[Mesa-dev] Proposal for a long-term shader compiler (and IR) architecture

Mon Oct 18 12:27:20 PDT 2010

On Mon, 2010-10-18 at 10:52 -0700, Keith Whitwell wrote:
> On Mon, Oct 18, 2010 at 9:18 AM, Jerome Glisse <j.glisse at gmail.com> wrote:
> > On Fri, Oct 15, 2010 at 7:44 PM, John Kessenich <johnk at lunarg.com> wrote:
> >> Hi,
> >> LunarG has decided to work on an open source, long-term, highly-functional,
> >> and modular shader and kernel compiler stack. Attached is our high-level
> >> proposal for this compiler architecture (LunarGLASS).  We would like to
> >> solicit feedback from the open source community on doing this.
> >> I have read several posts here where it seems the time has come for
> >> something like this, and in that spirit, I hope this is consistent with the
> >> desire and direction many contributors to this list have already alluded to.
> >> Perhaps the biggest point of the proposal is to standardize on LLVM as an
> >> intermediate representation.  This is actually done at two levels within the
> >> proposal; one at a high-level IR close to the source language and one at a
> >> low-level IR close to the target architecture.  The full picture is in the
> >> attached document.
> >> Based on feedback to this proposal, our next step is to more precisely
> >> define the two forms of LLVM IR.
> >> Please let me know if you have any trouble reading the attached, or any
> >> questions, or any feedback regarding the proposal.
> >> Thanks,
> >> JohnK

> > Just a quick reply (i won't have carefully read through this proposition before
> > couple weeks) last time i check LLVM didn't seemed to fit the bill for GPU,
> > newer GPU can be seen as close to scalar but not completely, there are
> > restriction on instruction packing and the amount of data computation
> > unit of gpu can access per cycle, also register allocation is different
> > from normal CPU, you don't wan to do register peeling on GPU. So from
> > my POV instruction scheduling & packing and register allocation are
> > interlace process (where you store variable impact instruction packing).
> > Also on newer gpu it makes sense to use a mixed scalar/vector representation
> > to preserve things like dot product. 

LLVM has always been able represent both scalar and vectors.

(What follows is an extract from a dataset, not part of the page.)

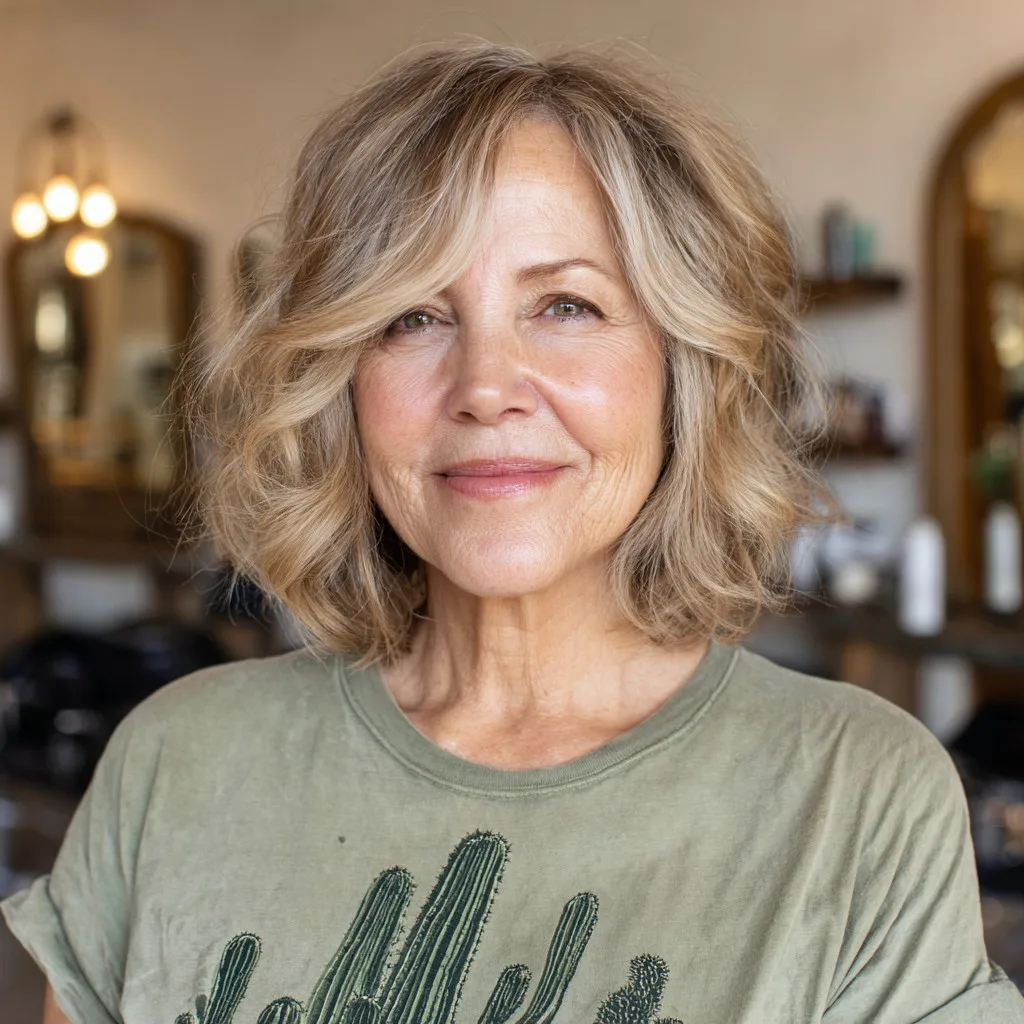 Chic Textured Bronde Bob with Soft Volume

Although
the dot product is not natively represented in IR, one can perfectly
define an dot product intrinsic which takes two vectors and returns a
scalar. I haven't look at the backends, but I believe the same applies.

> Last loop, jump, function have kind
> > of unsual restriction unlike any CPU (thought i haven't broad CPU knowledge)
> >
> > Bottom line is i don't think LLVM is anywhere near what would help us.
>
> I think this is the big question mark with this proposal -- basically
> can it be done?

I also think there are indeed challenges translating LLVM IR to
something like TGSI, Mesa IR; and I was skeptical about standardizing on
LLVM IR for quite some time, but lately I've been reaching the
conclusion that there's so much momentum behind LLVM that the
benefits/synergy one gets by leveraging it will most likely exceed the
pitfalls.

But I never felt much skepticism for GPU code generation. There is e.g.,
a LLVM PTX backend already out there. And if it's not easy to make a
LLVM backend for a particular GPU, then it should be at very least
possible to implement a LLVM backend that generates a code in a
representation very close to the GPU code, and do the final steps (e.g.,
register allocation, scheduling, etc) in a custom pass. Therefore
benefiting from all high level optimizations that happened before.

> If it can't be done, we'll find out quickly, if it can then we can
> stop debating whether or not it's possible.

Indeed.

Jose